Cross Canadian Ragweed smokin’ in High Point

by Ryan Snyder

Cross Canadian Ragweed performs at the Aquarius Music Hall (photo by Ryan Snyder). For a band who’s albums have been largely hit-ormiss, there has been one constant in the lengthy career of Red Dirt rockers Cross Canadian Ragweed. Their live performances are consistently dynamic, playing like a jukebox of rock and country influences from the Outlaws to Alejandro Escovedo. Blending alt-rock with the Southern-rock style of Lynyrd Skynyrd and the Allman Brothers with heavy doses of country thrown in for good measure over the span of seven albums and 14 years, Cross Canadian Ragweed has carved out a quite a successful career indeed.

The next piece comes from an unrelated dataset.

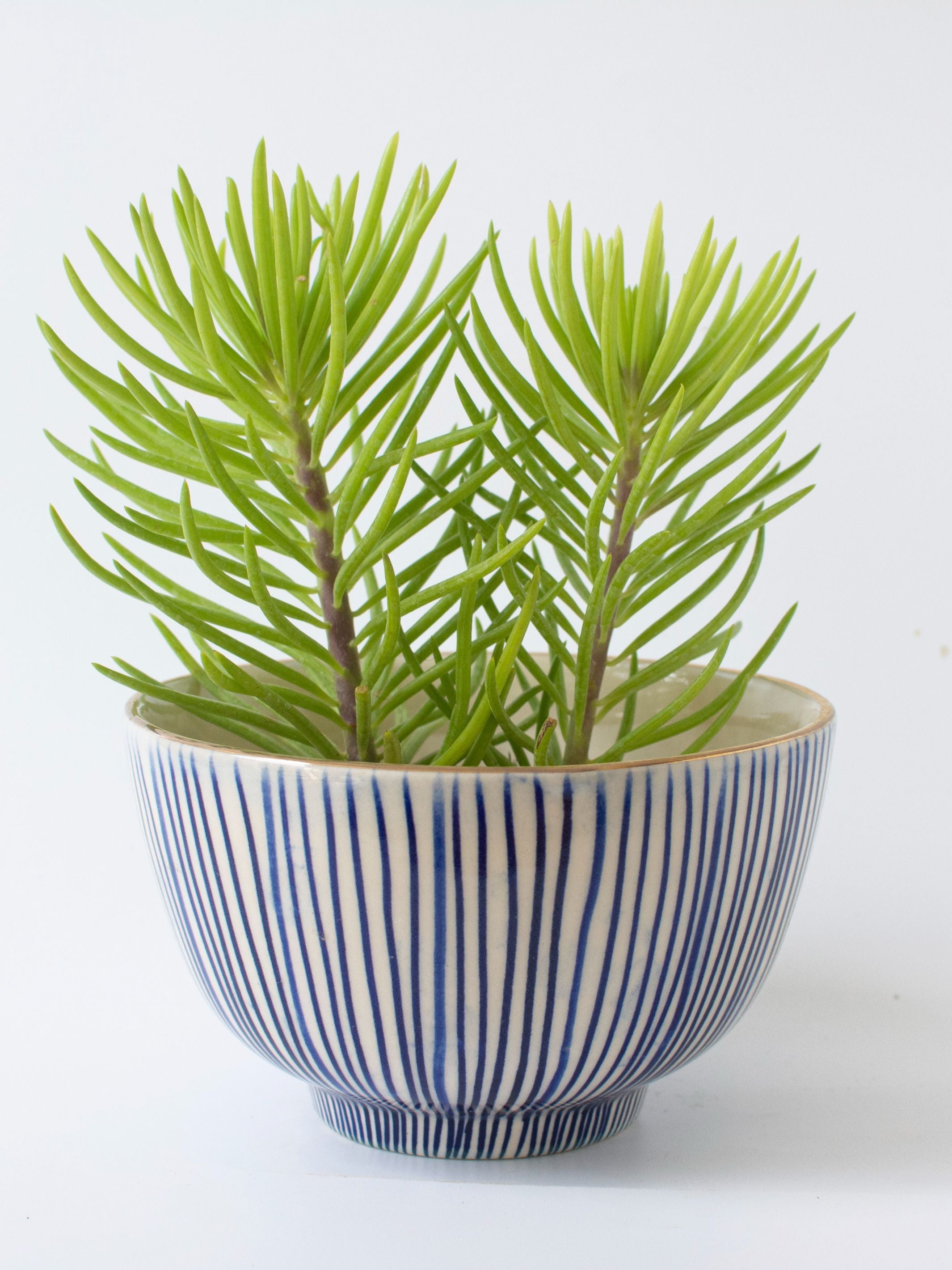 Handpainted Striped Ceramic Blue Round Planter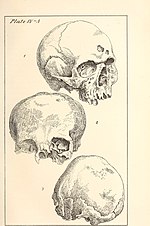 Thumbnail for File:Antiquities of the southern Indians, particularly of the Georgia tribes (1873) (14776977242).jpg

Fans of their brand of country rock, or those just coming over from country to rock, got a taste of the Oklahoma quartet this past Saturday night at the Aquarius Music Hall.

The night was led off by hard-rocking Texas quintet Reckless Kelly in one of the more perfect tour pairings you’ll see. Reckless Kelly were at the same time a little more country and a little heavier than their headlining brethren, leaning heavily on the distorted electric guitar of David Abeyta for their hour-long set. The twangier side of Kelly showed itself early on, with “Wicked Twisting Road” eliciting the most appreciation of the night from the four hundred in attendance, as many finally started singing along to the songs refrain. Mandolinist and fiddle player Cody Braun was all but drowned out once the high-energy “I Still Do” took hold, which the band led into an extended jam in “Loretta.” They closed their night “Crazy Eddie’s Last Hurrah,” leaving the air thick with the energy that would spill over into the opening notes of Cross Canadian Ragweed’s set.

Looking like the younger brother of Tommy Lee with his greasy black hair and well-defined soul patch, singer and guitarist Cody Canada looked slightly befuddled by the support beam splitting the stage in half, not knowing which portion of the audience to direct opener “Sister” towards. The country-rock rabble-rousers lived up to their reputation for loud, high-energy shows and stellar musicianship as they thundered on with the defiant “Don’t Need You” and scathing “Record Exec.” Due in part to the robust rock sound emanating forth, some of the twang in Canada’s vocals were drowned out amidst his crunchy guitar solos and Jeremy Plato’s authoritative bass interludes.

It didn’t ebb the festive ambiance within the Aquarius, however as Canada treated the crowd of CCR apparel-clad fans to an offering from a forthcoming album, the cowboy-tuned “Rosalie.” The band rolled through favorites like the rowdy “Hammer Down,” “Anywhere but Here” and “Deal,” until Canada gave into the urge to comment on the Aquarius’ unconventional stage set-up. “I gotta admit that sometimes it’s kinda weird when you’re right f**king there,” he noted.

He went on to treat the crowd to “something old” by Dave Miller after relating how the band “used to listen to a lot of country until they started smoking a lot of pot,” though he might have confused the classic Vern Gosdin number “Set ‘Em Up Joe” for a much older tune.

Braun made his reappearance on fiddle in support of Cross Canadian Ragweed as the band unplugged for a decidedly mellower third act, punctuated by an unconventional cover of Willie Nelson’s “Me and Paul” and a fiddle tease of “Jingle Bells” to introduce “Blue Bonnets.” Bearing in mind the liberal sixer sales policy maintained by the Aquarius, it made perfect sense for the band to once again close the night out on its regular show finisher. No other song could have done the justice that the hilarious Todd Snider hangover ballad “Late Last Night” did, as it was going to clearly speak for the dozens there sporting spent beer cases as caddies for the dozen unopened beers they bought at the bar come morning.